From our consulting practice, we are familiar with typical pitfalls that Swiss companies should avoid:
Too rapid expansion: The success of a brand often leads to hasty brand extensions. A Lausanne-based cosmetics manufacturer should not automatically launch dietary supplements under the same brand—customers' assumptions about a company's expertise have their limits.
Unclear positioning: If customers do not understand what a brand stands for and how it differs from sister brands, the architecture has failed. Every brand needs a clear positioning and raison d'être.
Neglecting internal communication poses another risk. Your employees are your first brand ambassadors. If they do not understand the brand structure or do not support it, external communication will also fail.
Underestimating complexity costs: Each additional brand increases complexity exponentially. Not only do direct marketing costs rise, but so do coordination efforts, IT costs for separate systems, and training requirements.
Brand management is facing major changes. Current industry trends show that authenticity and purpose-driven branding are gaining in importance, while at the same time personalization through AI is opening up new opportunities.
For Swiss companies, this means that their brand architecture must become more flexible. Rigid hierarchies are giving way to dynamic systems that can adapt to customer needs.

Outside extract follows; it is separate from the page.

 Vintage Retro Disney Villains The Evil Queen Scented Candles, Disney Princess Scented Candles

Sustainability is becoming an integral part of every brand strategy. Customers expect transparent supply chains, ethical business practices, and environmental responsibility. These values must be anchored in the brand architecture and communicated credibly across all brands.
At the same time, advancing digitalization is leading to new forms of branding. Virtual brands that only exist online, or AI-supported brands that automatically adapt to user preferences, are no longer science fiction. Swiss companies must prepare their architecture for these new realities.

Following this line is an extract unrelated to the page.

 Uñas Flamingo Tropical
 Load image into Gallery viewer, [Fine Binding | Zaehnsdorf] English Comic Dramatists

Would you like to build your brand structure professionally or optimize the organization of your existing brands? Brand Affairs supports you in developing a brand architecture that fits your growth strategy and ensures long-term success in the Swiss market. With our experience in supporting Swiss SMEs and international companies, we understand the specific challenges of brand management in multilingual Switzerland.
Contact us for a no-obligation consultation. Together, we will analyze your current brand portfolio and develop a customized strategy that creates clarity, leverages synergies, and optimally positions your brands.
What is the difference between brand architecture and brand portfolio? Brand architecture defines the structural relationships between brands, while the brand portfolio simply encompasses all of a company's brands. The architecture specifies how these brands are connected and interact with each other.
How long does it take to develop a brand architecture? For a medium-sized Swiss company, strategy development typically takes 3-6 months. Implementation can take 12-24 months, depending on complexity.
What are the costs associated with brand restructuring? The investment varies greatly. An SME should expect to pay between CHF 50,000 and CHF 250,000 for strategy and design. In addition, there are implementation costs for new designs, websites, and marketing materials.
When is the right time to revise your brand architecture? Typical triggers include: company growth of over 50%, expansion into new markets, acquisitions, declining brand relevance, or internal confusion about brand responsibilities.
Can we develop our brand architecture ourselves? Basic structures can be developed internally. For more complex systems or planned major changes, external expertise is recommended to avoid operational blindness.
How do we measure the success of our brand architecture? Key KPIs include: brand value development, cross-selling rates, customer understanding of the brand structure (through surveys), employee satisfaction, and marketing efficiency (cost per acquisition per brand).